Monsieur Michaud a été victime d’un exceptionnel alignement de planètes : sous couvert de rectitude politique, le chef de l’Opposition et le premier ministre ont sauté à pieds synchronisés sur l’occasion d’écarter un candidat encombrant à l’élection complémentaire de Mercier. Un tribunal sérieux aurait au moins pris la peine d’entendre l’accusé.
Ce dernier a épuisé en vain tous les recours judiciaires. Il s’est heurté au refus des tribunaux de remettre en cause l’omnipotence du Parlement. Un juge de la Cour d’appel n’a cependant pas pu s’empêcher d’émettre ce commentaire exceptionnel, presque cynique, dans l’arrêt du 8 juin 2006 :
« […] Je suis d’accord avec l’analyse et les conclusions de ma collègue, la juge Dutil. Je ne peux cependant m’empêcher de penser que le Droit est ici devant un étrange paradoxe. […] Pour préserver la démocratie parlementaire, et donc la libre circulation des idées, le Droit à l’époque des Chartes et de la prédominance des droits individuels permet qu’un individu soit condamné pour ses idées (bonnes ou mauvaises, politiquement correctes ou non, la chose importe peu), et ce, sans appel et qu’il soit ensuite exécuté sur la place publique sans, d’une part, avoir eu la chance de se défendre et, d’autre part, sans même que les raisons de sa condamnation aient préalablement été clairement exposées devant ses juges, les parlementaires.
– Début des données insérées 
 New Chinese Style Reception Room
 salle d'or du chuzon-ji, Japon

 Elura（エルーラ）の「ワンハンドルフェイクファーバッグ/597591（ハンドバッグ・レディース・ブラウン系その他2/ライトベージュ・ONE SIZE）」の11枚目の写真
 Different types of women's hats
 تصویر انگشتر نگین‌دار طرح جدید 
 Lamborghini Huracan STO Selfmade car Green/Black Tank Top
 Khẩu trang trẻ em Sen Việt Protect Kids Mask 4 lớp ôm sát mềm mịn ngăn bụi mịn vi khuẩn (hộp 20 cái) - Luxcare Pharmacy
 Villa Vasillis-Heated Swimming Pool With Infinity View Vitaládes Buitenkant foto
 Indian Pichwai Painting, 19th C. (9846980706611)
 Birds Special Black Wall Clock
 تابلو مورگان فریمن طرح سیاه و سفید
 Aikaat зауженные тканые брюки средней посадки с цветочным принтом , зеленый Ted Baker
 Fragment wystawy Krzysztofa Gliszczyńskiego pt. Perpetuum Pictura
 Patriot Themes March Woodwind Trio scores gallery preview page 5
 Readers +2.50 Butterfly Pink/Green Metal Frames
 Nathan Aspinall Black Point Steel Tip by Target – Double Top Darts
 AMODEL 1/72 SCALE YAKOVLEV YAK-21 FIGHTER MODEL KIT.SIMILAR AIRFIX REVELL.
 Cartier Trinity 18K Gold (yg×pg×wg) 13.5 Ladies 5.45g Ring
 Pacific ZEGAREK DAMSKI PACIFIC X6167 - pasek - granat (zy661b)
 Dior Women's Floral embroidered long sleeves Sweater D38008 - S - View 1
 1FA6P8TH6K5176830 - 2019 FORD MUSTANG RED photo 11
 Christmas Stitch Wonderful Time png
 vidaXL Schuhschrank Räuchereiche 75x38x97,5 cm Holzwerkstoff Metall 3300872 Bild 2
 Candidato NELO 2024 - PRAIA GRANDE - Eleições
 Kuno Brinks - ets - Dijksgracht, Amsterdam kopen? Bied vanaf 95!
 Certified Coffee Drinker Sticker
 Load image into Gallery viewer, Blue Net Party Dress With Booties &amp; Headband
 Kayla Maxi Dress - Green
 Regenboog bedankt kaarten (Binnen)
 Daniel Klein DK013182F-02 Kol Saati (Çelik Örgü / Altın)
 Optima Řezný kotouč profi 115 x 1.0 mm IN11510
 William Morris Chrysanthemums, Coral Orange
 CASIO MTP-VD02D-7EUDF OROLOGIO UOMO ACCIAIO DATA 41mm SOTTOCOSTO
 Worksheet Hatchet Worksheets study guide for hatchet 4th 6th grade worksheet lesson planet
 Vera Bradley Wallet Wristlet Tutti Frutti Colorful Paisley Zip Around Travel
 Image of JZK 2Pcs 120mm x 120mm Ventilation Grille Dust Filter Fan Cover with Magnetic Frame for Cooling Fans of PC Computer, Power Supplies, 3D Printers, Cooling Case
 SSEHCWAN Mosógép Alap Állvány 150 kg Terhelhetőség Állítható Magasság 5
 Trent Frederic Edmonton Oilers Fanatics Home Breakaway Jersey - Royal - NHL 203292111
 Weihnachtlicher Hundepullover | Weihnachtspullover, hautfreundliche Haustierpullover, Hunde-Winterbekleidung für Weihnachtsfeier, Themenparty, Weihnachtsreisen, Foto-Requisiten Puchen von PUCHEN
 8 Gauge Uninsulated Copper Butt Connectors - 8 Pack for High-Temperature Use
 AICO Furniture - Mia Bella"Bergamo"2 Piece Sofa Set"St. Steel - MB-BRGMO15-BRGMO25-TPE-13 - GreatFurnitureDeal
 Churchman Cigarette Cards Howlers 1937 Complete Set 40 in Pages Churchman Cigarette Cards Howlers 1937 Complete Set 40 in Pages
Summum jus summa injuria auraient dit les juristes romains ! »
«Justice suprême, suprême injustice». Il est évident que le Parlement a abusé de son « droit » de tout faire, pire encotre, que les partis ont utilisé le Parlement pour régler leurs comptes.

Yves Michaud avait visé juste

Les éditorialistes de nos quotidiens le plus modérés ont vivement dénoncé la position de l’organisation juive B’nai Brith qui demande au chef du Parti libéral fédéral d’exclure Jocelyn Coulon des candidats du parti en raison de ses opinions « anti-israéliennes ». B’nai Brith justifie cette demande en invoquant l’attitude hostile de monsieur Coulon envers Israël, ses discours antiaméricains et ses appels à la fin de l’isolement du gouvernement palestinien contrôlé par le Hamas. « Des faussetés », selon La Presse ; « Demande insensée », pour Le Soleil.
Cette intervention évoque de mauvais souvenirs. En décembre 2000, B’nai Brith pressait les électeurs de la circonscription de Mercier de rejeter la nomination d’Yves Michaud et intervenait auprès du premier ministre pour qu’il repousse cette candidature. On sait ce qui est arrivé ensuite…
Selon les termes du « réquisitoire » prononcé contre lui au Parlement, Yves Michaud avait qualifié B’nai Brith de « mouvement d’extrémistes ».
L’Histoire lui donnera raison. Au moins sur ce point.